Caption-style text data
┌────────

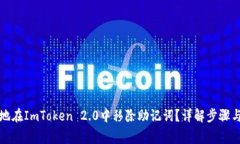 如何安全地在ImToken 2.0中移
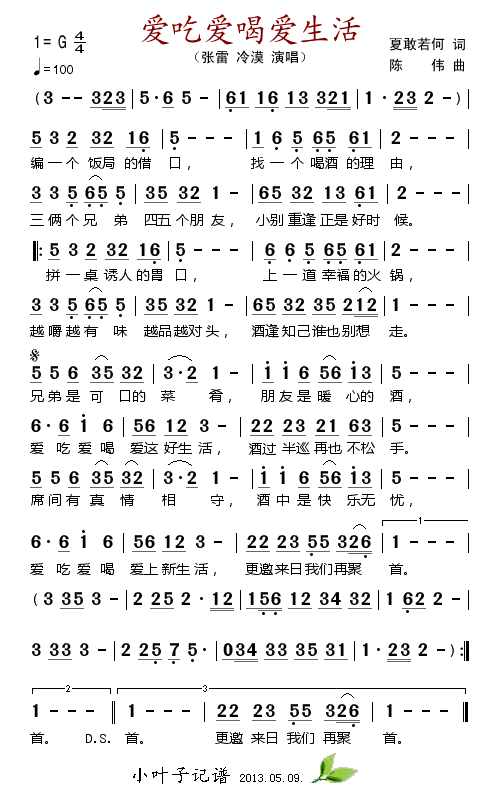 张雷、冷漠 《爱吃爱喝爱生活》简谱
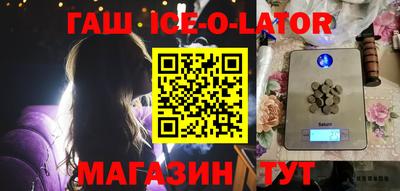 скорость mdpv Гусев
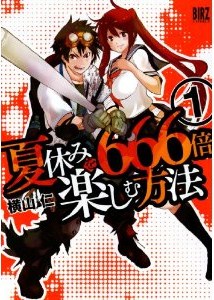 夏休みを６６６倍楽しむ方法-第01巻-Natsuyami-o-666-bai-Tanoshimu-Houhou-vol-01.jpg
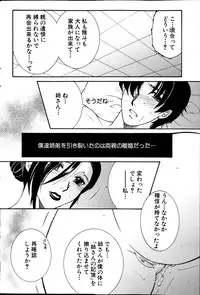 COMIC MILF 2013-06 Vol. 13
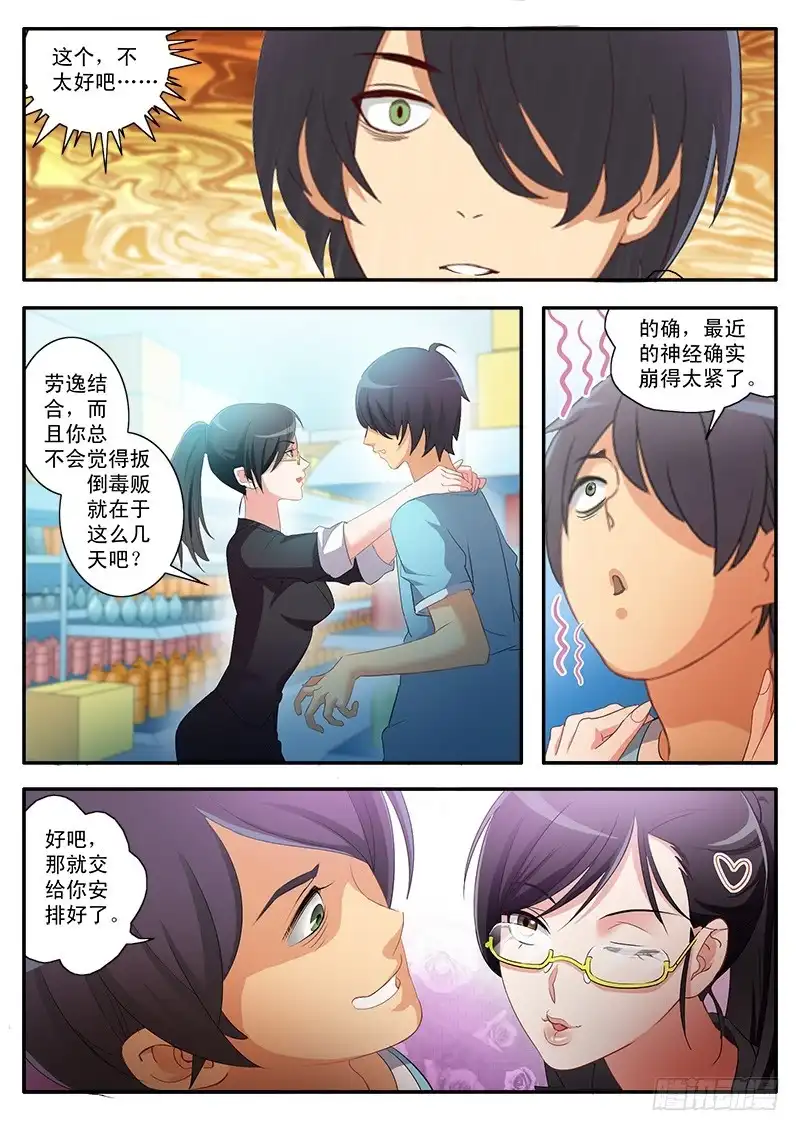 《极道天使》第一百六十一话 第2页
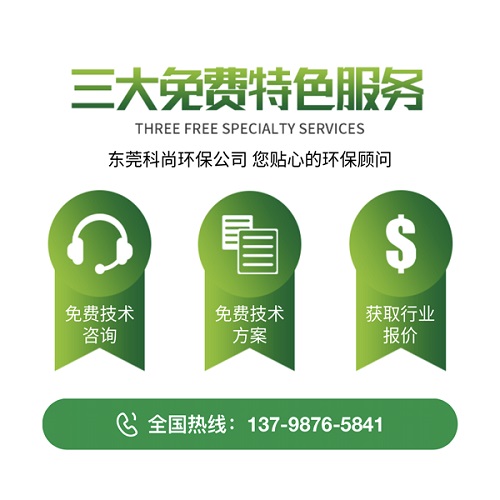 東莞市科尚環(huán)保技術有限公司-優(yōu)勢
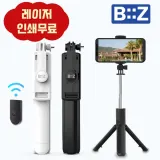 블루투스 삼각대 셀카봉 블루투스리모컨 포함 셀카촬영 셀카봉삼각대 무선셀카봉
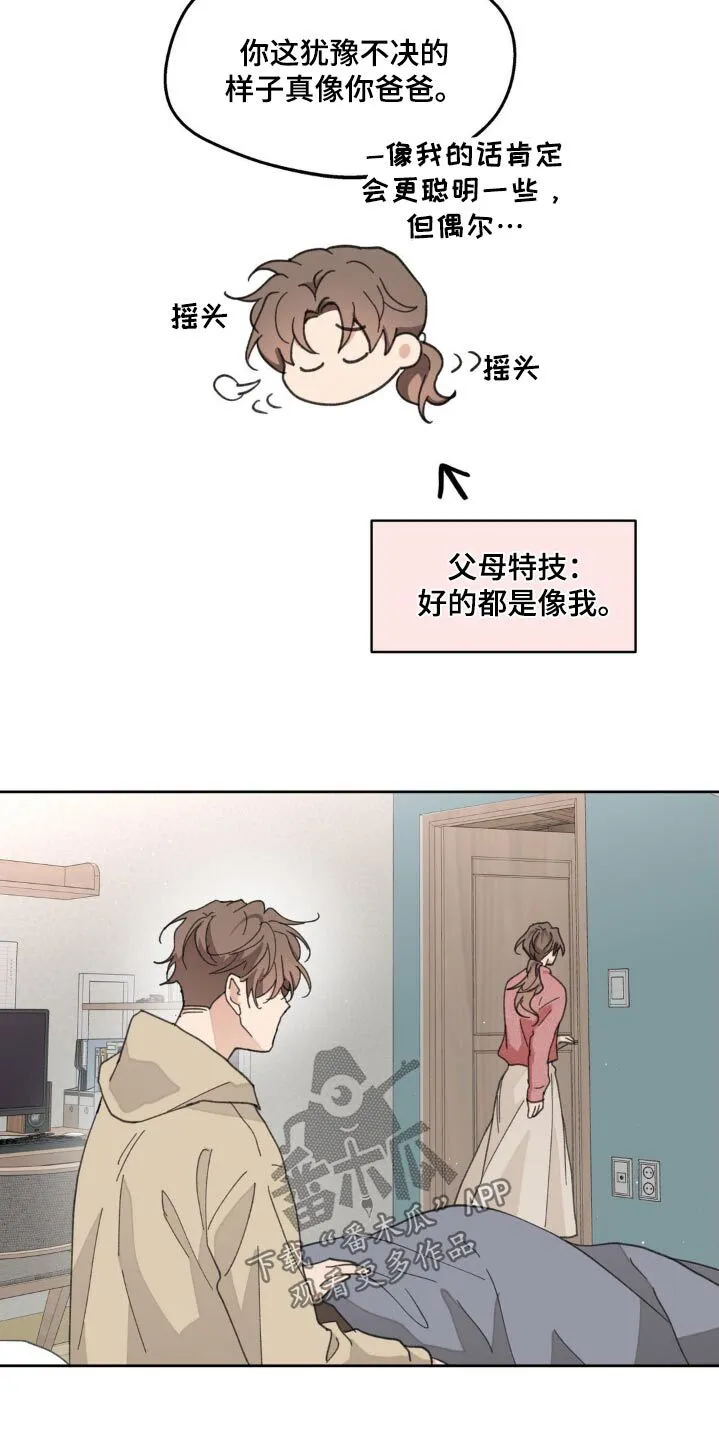 第183章：【番外】选择 第20页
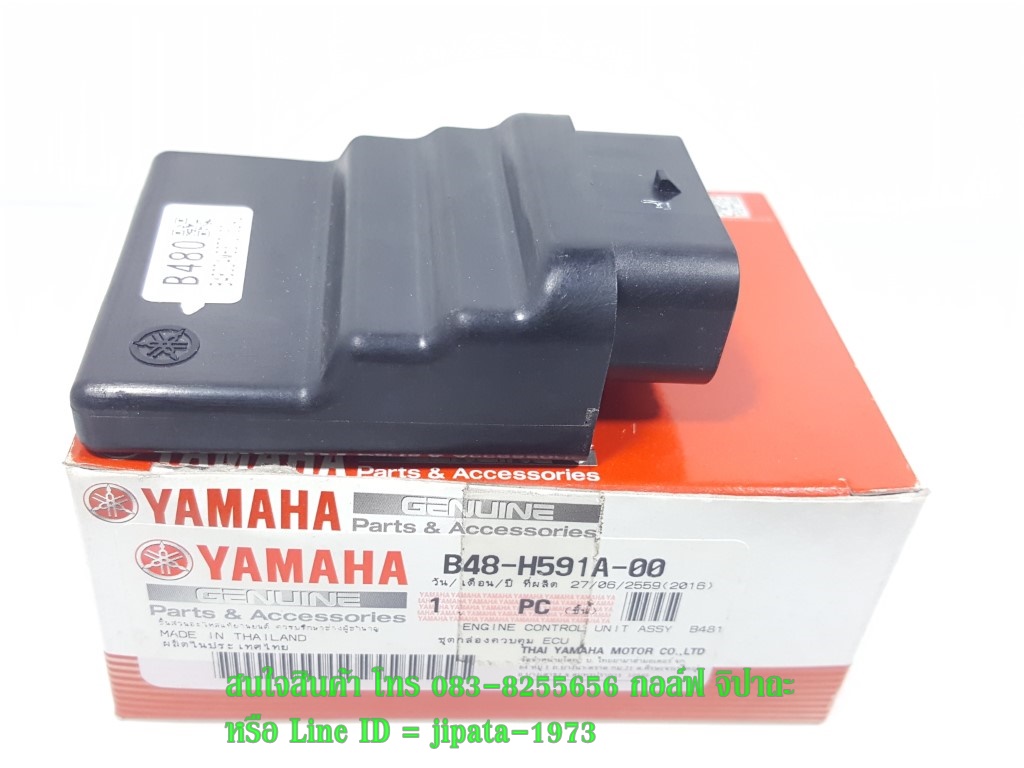 (M-Slaz) ชุดกล่องควบคุม ECU Yamaha M-Slaz แท้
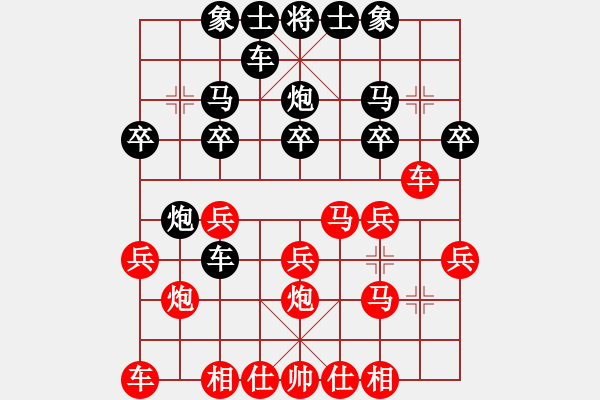 象棋棋譜圖片：尚威       先負(fù) 李國勛     - 步數(shù)：20 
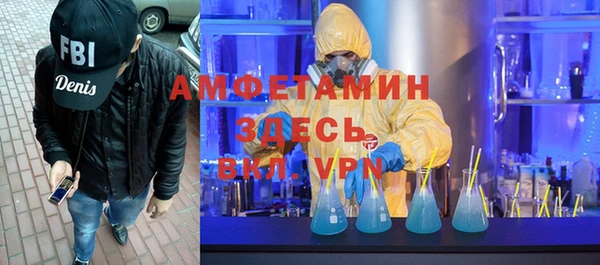 дмт Липки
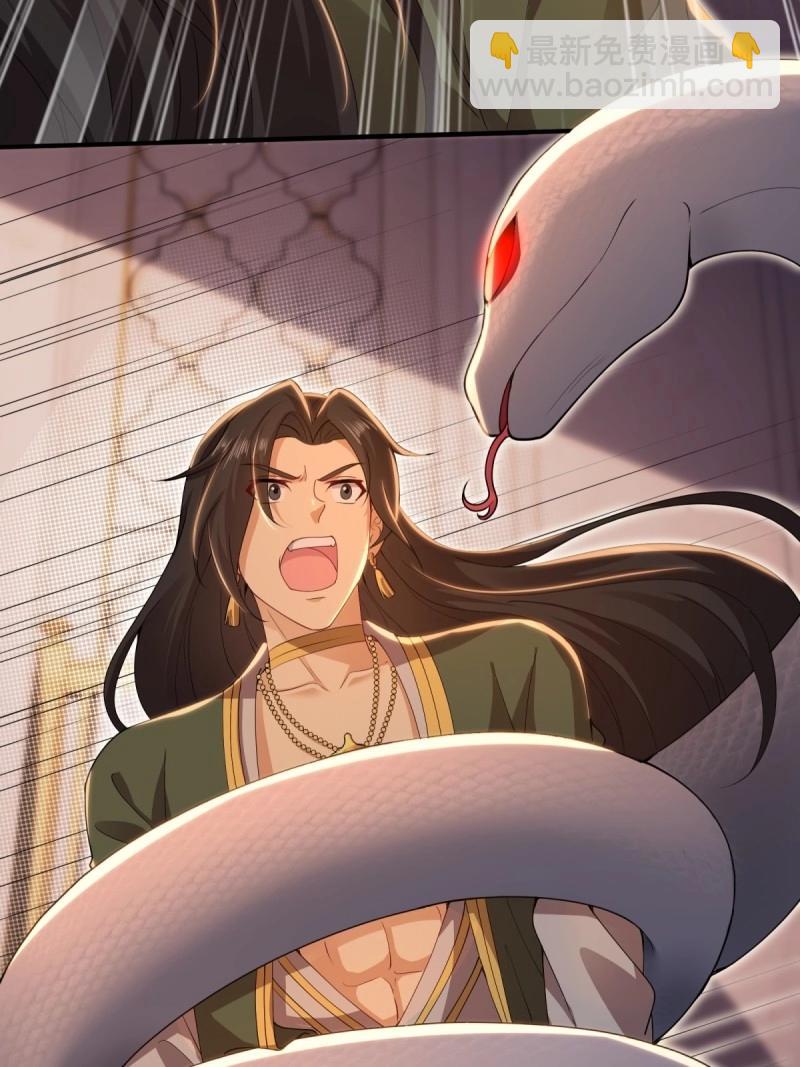 第152话 141(1/2)-第149话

└────────

## EXERCISE INSTRUCTIONS
Starting from the line containing "블루투스 삼각대 셀카봉 블루투스리모컨 포함 셀카촬영 셀카봉삼각대 무선셀카봉", repeat each line exactly through the end of the entries, including the last, while leaving pictures out.

## EXERCISE OUTPUT
 블루투스 삼각대 셀카봉 블루투스리모컨 포함 셀카촬영 셀카봉삼각대 무선셀카봉
 第183章：【番外】选择 第20页
 (M-Slaz) ชุดกล่องควบคุม ECU Yamaha M-Slaz แท้
 象棋棋譜圖片：尚威       先負(fù) 李國勛     - 步數(shù)：20 
 дмт Липки
 第152话 141(1/2)-第149话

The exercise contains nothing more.